Kazalarla AKP iktidarı arasında olabileceğini düşündüğüm dolaylı bağlantı işte bu ideoloji alanında ortaya çıkıyor.

“İslâm şöyledir, böyledir” diye genellemeler yapmayacağım; ama sözgelişi AKP gibi bir siyasî hareketin benimsediği İslâm’da çok kuvvetli bir “ataerkil/ patriyarkal” damar var. Bu, para-mal sahibi, “patron” konumundaki adamla çalıştırdığı insanlar arasında feodal (ya da “kapitalizm-öncesi” diyelim) bir ilişki öngörüyor. Modern dediğimiz dünyanın gerektirdiği türden bir “kontrat”a dayalı bir ilişki değil bu. “Minnet” falan gibi kavramlarla anlatılan bir şey. “İşveren” pozisyonundaki adam, aynı zamanda “baba” pozisyonunda (aynı feodal ahlâkın “babası”). Çalışan, onun sayesinde “ekmek yiyor”.

Bu ataerkil (aslında “ilkel”) işçi-işveren ilişkisinin yol arkadaşı da gene yukarıda değindiğim “mukadderat” ideolojisi. Bu da epey kullanışlı bir ideoloji. Kendi yapman gereken, yapması da sana masraf çıkaran şeyleri yapmak yerine, bunları “mukadderat” adında soyut bir varlığa havale ediyorsun. Olacaklardan artık sen değil, o sorumlu. Sonra olan oluyor, sen de “mukadderat” diyorsun.

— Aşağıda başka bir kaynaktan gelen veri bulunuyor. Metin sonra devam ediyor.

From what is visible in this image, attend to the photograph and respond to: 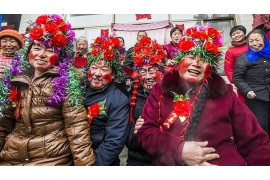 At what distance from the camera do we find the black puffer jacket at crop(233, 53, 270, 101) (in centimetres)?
276

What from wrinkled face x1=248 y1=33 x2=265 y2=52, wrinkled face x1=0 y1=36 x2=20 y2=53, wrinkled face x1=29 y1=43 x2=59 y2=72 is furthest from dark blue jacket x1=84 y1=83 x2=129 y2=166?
wrinkled face x1=248 y1=33 x2=265 y2=52

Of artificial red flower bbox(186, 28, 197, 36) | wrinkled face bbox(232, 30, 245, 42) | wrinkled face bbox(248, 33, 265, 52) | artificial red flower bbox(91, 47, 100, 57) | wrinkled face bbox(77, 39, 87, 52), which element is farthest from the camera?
wrinkled face bbox(77, 39, 87, 52)

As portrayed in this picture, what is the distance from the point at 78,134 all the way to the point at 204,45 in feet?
4.93

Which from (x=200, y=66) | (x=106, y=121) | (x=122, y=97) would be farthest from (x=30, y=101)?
(x=200, y=66)

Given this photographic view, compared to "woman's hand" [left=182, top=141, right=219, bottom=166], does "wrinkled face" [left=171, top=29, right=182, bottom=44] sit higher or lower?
higher

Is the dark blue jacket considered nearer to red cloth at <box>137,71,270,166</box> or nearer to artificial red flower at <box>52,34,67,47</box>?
red cloth at <box>137,71,270,166</box>

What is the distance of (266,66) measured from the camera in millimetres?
2809

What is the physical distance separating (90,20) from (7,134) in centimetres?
415

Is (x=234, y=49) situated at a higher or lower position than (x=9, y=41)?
lower

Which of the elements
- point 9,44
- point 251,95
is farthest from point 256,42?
point 9,44

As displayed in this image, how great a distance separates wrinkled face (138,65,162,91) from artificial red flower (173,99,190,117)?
0.70 meters

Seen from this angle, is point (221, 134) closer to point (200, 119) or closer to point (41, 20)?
point (200, 119)

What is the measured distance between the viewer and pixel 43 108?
7.02 ft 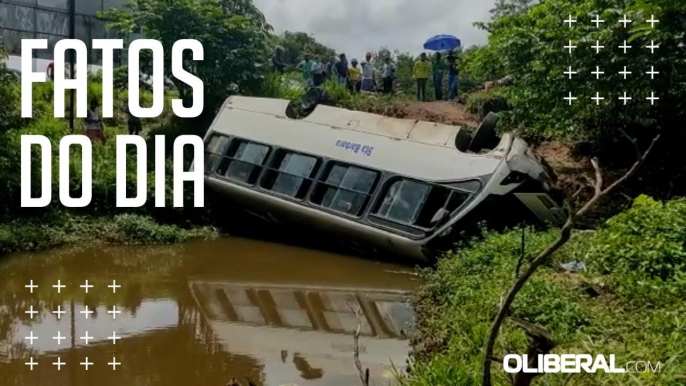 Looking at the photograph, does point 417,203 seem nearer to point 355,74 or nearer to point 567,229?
point 567,229

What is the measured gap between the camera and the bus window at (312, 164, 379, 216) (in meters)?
11.3

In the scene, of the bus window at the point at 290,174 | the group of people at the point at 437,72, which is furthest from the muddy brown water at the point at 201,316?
the group of people at the point at 437,72

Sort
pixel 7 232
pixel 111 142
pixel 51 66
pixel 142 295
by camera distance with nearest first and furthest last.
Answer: pixel 142 295 → pixel 7 232 → pixel 111 142 → pixel 51 66

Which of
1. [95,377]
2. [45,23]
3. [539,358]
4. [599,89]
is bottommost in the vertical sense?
[95,377]

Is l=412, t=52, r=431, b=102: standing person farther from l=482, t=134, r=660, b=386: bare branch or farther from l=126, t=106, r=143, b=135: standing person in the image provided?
l=482, t=134, r=660, b=386: bare branch

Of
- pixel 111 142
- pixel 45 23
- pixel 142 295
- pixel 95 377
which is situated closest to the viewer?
pixel 95 377

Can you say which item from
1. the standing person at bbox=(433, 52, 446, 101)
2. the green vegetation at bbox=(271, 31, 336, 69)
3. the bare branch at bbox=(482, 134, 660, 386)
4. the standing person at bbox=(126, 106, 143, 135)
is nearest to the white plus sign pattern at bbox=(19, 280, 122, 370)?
the bare branch at bbox=(482, 134, 660, 386)

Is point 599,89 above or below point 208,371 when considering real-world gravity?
above

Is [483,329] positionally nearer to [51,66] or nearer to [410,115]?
[410,115]

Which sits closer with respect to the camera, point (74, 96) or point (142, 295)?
point (142, 295)

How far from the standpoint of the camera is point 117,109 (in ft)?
58.3

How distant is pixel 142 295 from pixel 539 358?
801 centimetres

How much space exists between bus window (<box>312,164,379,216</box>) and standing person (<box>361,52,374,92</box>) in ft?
27.9

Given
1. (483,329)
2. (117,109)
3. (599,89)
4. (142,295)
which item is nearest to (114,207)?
(142,295) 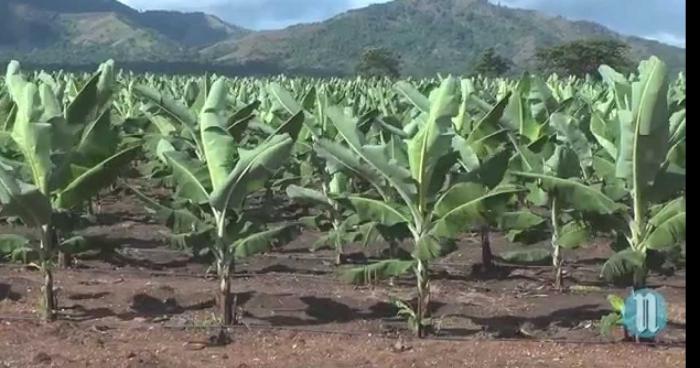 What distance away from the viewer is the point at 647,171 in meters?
6.42

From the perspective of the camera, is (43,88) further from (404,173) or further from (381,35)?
(381,35)

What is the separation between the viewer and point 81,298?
7965mm

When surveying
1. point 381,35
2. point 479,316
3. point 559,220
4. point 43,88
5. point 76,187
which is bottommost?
point 479,316

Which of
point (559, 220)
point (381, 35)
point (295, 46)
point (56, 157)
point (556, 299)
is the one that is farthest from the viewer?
point (381, 35)

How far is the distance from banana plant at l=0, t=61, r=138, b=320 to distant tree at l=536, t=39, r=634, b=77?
5987 centimetres

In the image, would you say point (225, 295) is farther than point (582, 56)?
No

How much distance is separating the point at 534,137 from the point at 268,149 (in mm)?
3667

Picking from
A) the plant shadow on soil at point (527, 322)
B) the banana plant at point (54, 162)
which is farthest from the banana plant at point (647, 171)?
the banana plant at point (54, 162)

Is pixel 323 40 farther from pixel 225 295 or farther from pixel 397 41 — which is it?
pixel 225 295

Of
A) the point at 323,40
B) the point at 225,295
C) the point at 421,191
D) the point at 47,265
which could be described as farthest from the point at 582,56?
the point at 323,40

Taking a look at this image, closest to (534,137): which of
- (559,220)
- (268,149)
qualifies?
(559,220)

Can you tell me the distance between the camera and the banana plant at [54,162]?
6754 millimetres

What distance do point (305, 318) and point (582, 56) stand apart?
62370 mm

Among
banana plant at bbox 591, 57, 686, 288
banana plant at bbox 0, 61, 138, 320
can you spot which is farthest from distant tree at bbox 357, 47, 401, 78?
banana plant at bbox 591, 57, 686, 288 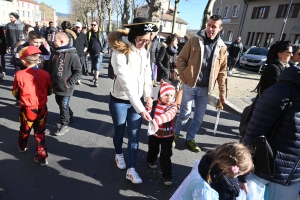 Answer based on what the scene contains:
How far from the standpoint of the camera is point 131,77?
2262 mm

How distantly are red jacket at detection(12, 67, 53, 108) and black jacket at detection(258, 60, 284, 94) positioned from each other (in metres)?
2.79

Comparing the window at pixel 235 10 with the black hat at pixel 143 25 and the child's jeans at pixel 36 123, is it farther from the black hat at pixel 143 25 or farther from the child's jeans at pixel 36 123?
the child's jeans at pixel 36 123

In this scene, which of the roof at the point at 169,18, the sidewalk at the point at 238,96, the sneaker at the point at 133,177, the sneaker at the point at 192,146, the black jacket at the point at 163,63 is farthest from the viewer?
the roof at the point at 169,18

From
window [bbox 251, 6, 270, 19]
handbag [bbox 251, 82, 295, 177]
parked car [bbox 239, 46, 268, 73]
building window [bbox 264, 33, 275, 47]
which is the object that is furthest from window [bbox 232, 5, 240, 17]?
handbag [bbox 251, 82, 295, 177]

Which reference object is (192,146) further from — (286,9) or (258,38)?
(258,38)

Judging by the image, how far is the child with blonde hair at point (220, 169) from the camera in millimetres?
1491

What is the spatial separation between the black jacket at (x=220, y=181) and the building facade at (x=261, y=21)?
24.1 meters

Ya da, Tayyip Erdoğan gibi, “Bu işin fıtratında bu var,” diyorsun.

Enerji politikasının “talep”leri, “termik santral”, “kömür madeni” vb... Uzmanlar bunlar arasındaki nedensel ilişkileri, oluşan kısır döngüleri anlatıyor. Ama onların arasında “insan hayatının değeri” diye bir şey yok. Kaza olan yere gidip, kafana kask geçirip, ağlamaklı surat ifadesi takınmakla da insan hayatı değer kazanmıyor.